For more information on removing a Geo node, see [Removing **secondary** Geo nodes](replication/remove_geo_node.md).

## Disable Geo

To find out how to disable Geo, see [Disabling Geo](replication/disable_geo.md).

## Limitations

CAUTION: **Caution:**
This list of limitations only reflects the latest version of GitLab. If you are using an older version, extra limitations may be in place.

- Pushing directly to a **secondary** node redirects (for HTTP) or proxies (for SSH) the request to the **primary** node instead of [handling it directly](https://gitlab.com/gitlab-org/gitlab/-/issues/1381), except when using Git over HTTP with credentials embedded within the URI. For example, `https://user:password@secondary.tld`.
- Cloning, pulling, or pushing repositories that exist on the **primary** node but not on the **secondary** nodes where [selective synchronization](replication/configuration.md#selective-synchronization) does not include the project is not supported over SSH [but support is planned](https://gitlab.com/groups/gitlab-org/-/epics/2562). HTTP(S) is supported.
- The **primary** node has to be online for OAuth login to happen. Existing sessions and Git are not affected. Support for the **secondary** node to use an OAuth provider independent from the primary is [being planned](https://gitlab.com/gitlab-org/gitlab/-/issues/208465).
- The installation takes multiple manual steps that together can take about an hour depending on circumstances. We are working on improving this experience. See [Omnibus GitLab issue #2978](https://gitlab.com/gitlab-org/omnibus-gitlab/-/issues/2978) for details.
- Real-time updates of issues/merge requests (for example, via long polling) doesn't work on the **secondary** node.
- [Selective synchronization](replication/configuration.md#selective-synchronization) applies only to files and repositories. Other datasets are replicated to the **secondary** node in full, making it inappropriate for use as an access control mechanism.
- Object pools for forked project deduplication work only on the **primary** node, and are duplicated on the **secondary** node.
- [External merge request diffs](../merge_request_diffs.md) will not be replicated if they are on-disk, and viewing merge requests will fail. However, external MR diffs in object storage **are** supported. The default configuration (in-database) does work.
- GitLab Runners cannot register with a **secondary** node. Support for this is [planned for the future](https://gitlab.com/gitlab-org/gitlab/-/issues/3294).
- Geo **secondary** nodes can not be configured to [use high-availability configurations of PostgreSQL](https://gitlab.com/groups/gitlab-org/-/epics/2536).

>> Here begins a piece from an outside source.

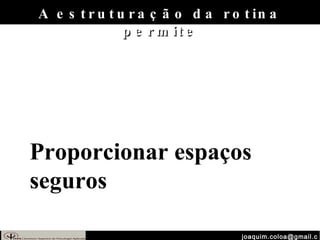 [email_address] A estruturação da rotina permite Proporcionar espaços seguros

### Limitations on replication/verification

You can keep track of the progress to implement the missing items in
these epics/issues:

- [Unreplicated Data Types](https://gitlab.com/groups/gitlab-org/-/epics/893)
- [Verify all replicated data](https://gitlab.com/groups/gitlab-org/-/epics/1430)

There is a complete list of all GitLab [data types](replication/datatypes.md) and [existing support for replication and verification](replication/datatypes.md#limitations-on-replicationverification).

## Frequently Asked Questions

For answers to common questions, see the [Geo FAQ](replication/faq.md).

## Log files

In GitLab 9.5 and later, Geo stores structured log messages in a `geo.log` file. For Omnibus installations, this file is at `/var/log/gitlab/gitlab-rails/geo.log`.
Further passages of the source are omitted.